- Full name: Olivia Yli-Juuti
- Born: 24 May 2001 (age 25) Helsinki, Finland

Gymnastics career
- Discipline: Aesthetic group gymnastics
- Country represented: Finland (2015-2021)
- Club: Tampereen Sisu
- Gym: Ikuri Sports hall, Tampere
- Head coaches: Titta Heikkilä, Teija Kukkala
- Former coach: Anneli Laine-Näätänen
- Choreographer: Antton Laine
- Medal record
World Championships
| Bronze medal – third place | 2019 Cartagena | Senior Final |
European Championships
| Silver medal – second place | 2021 Moscow | Senior Final |

= Olivia Yli-Juuti =

Finnish aesthetic group gymnast

Olivia Yli-Juuti (born 24 May 2001) is a Finnish aesthetic group gymnast. She is a five-time (2015 - 2019) Finnish National champion in Aesthetic group gymnastics competing with Team Minetit. She is the 2021 European silver and the 2019 World bronze medalist in aesthetic group gymnastics.

==Career==
She started competing in aesthetic group gymnastics in club Tapanilan Erä with team Alexa. They won gold medals at the 2013 and 2014 Finnish National Championship in category 12-14 years.

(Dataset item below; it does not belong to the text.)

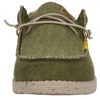 HEYDUDE m čevlji 40952-337 WALLY COASTLINE olive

In 2015, she joined junior team Elite in cooperation of club Tapanilan Erä and Sport Club Vantaa. She attended her fist Challenge Cup, where they finished 4th in Junior category, only 0,45 points away from podium. They won bronze medal at Finnish National Championship in junior category the same year. Later, they competed at the 2015 Junior World Championships in Tórshavn, Faroe Islands. Team ended on 7th place in Preliminaries and did not advance into the finals due to 2 teams per country rule.

In 2016, they competed at three Challenge Cup events: in Estonia, Bulgaria and Spain. They won bronze medal again at Finnish National Championship in junior category and qualified to the 2016 Junior World Championships in Brno, Czech Republic. The team fall apart in autumn that year, that is why she joined senior team Gloria from club Pakilan Voimistelijat. She made her World Cup debut at the 2017 World Cup II in Padua, Italy. They took 9th place in Qualifications with score of 16.850.

==Personal life==
Olivia is now living in Tampere and coaching Minetit Pre-junior team from Tampeeren Sisu.